====== THE DATA ======

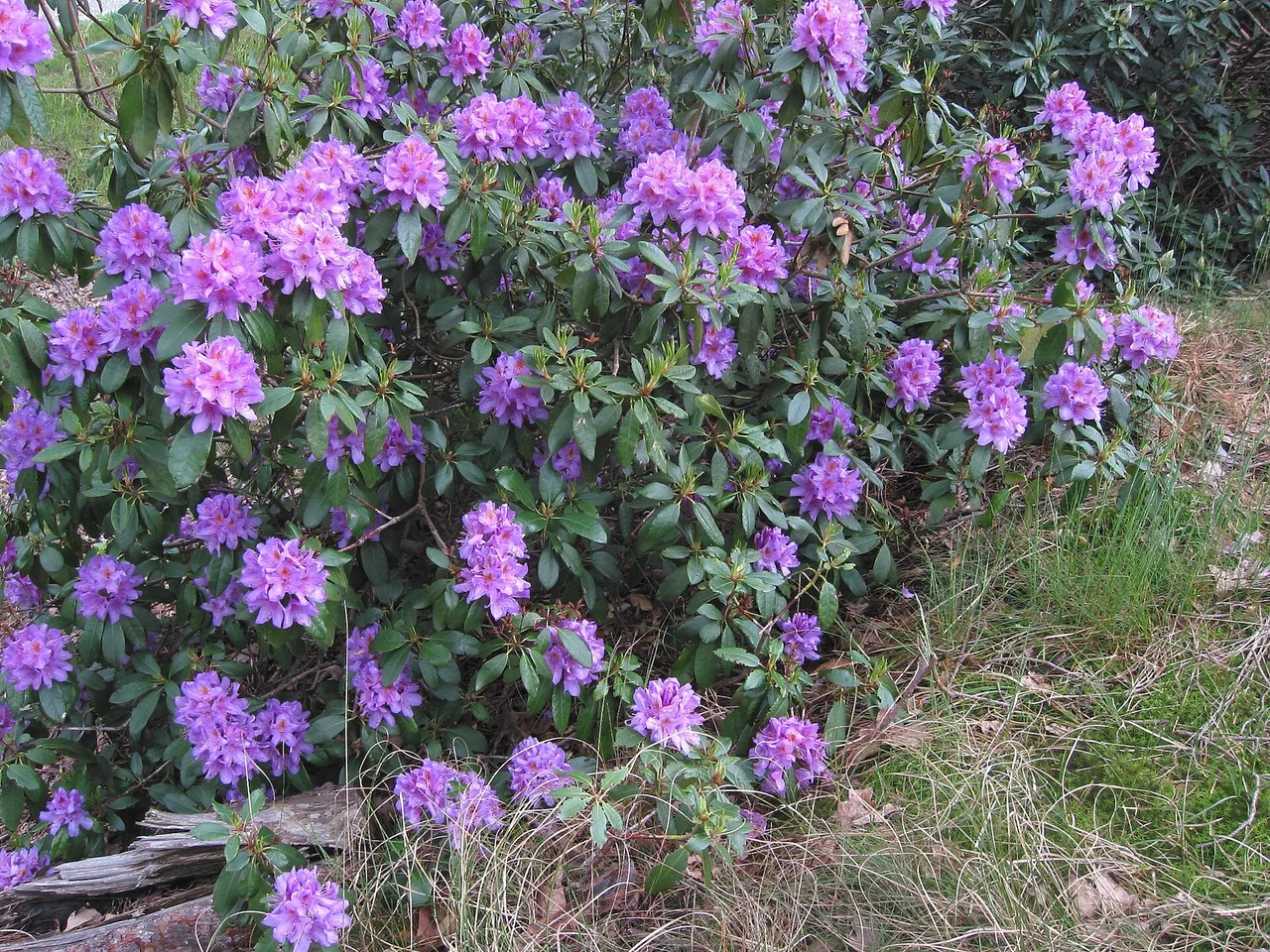 Rhododendron (Rhododendron ponticum)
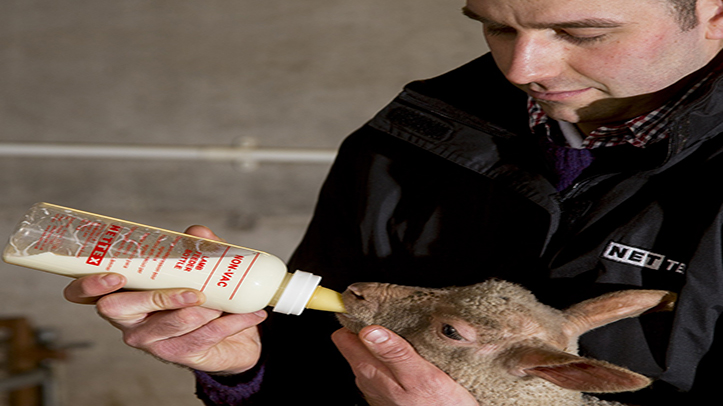 Colostrum supplementation quality and delivery matters at lambing time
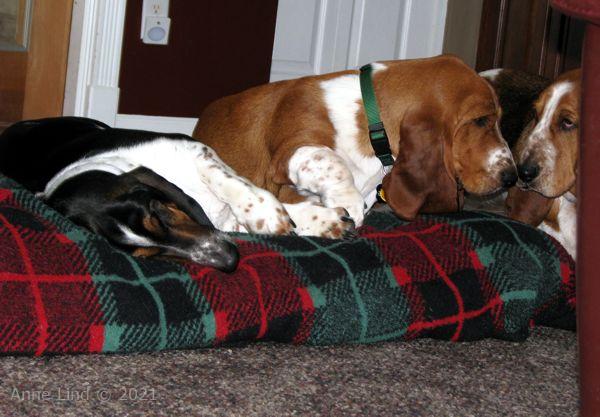 Hoover's 13th bday party 03-23-08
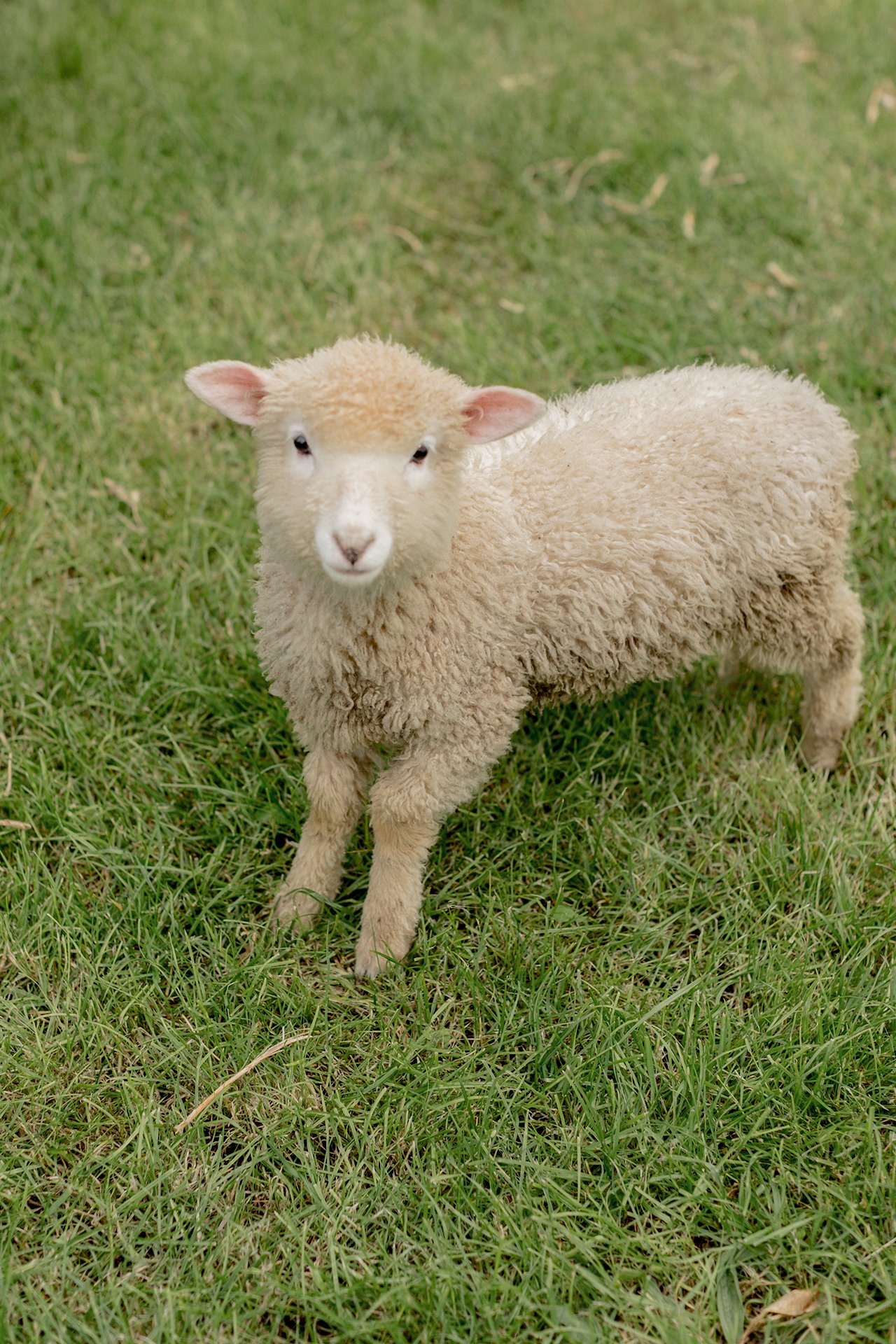 Welton House Gardens in Marlborough New Zealand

======

- **TASK DIRECTIONS**
Pictures are to be left out; otherwise, copy exactly each line from the one containing "Colostrum supplementation quality" through the last line of the listing.

- **YOUR RESPONSE**
 Colostrum supplementation quality and delivery matters at lambing time
 Hoover's 13th bday party 03-23-08
 Welton House Gardens in Marlborough New Zealand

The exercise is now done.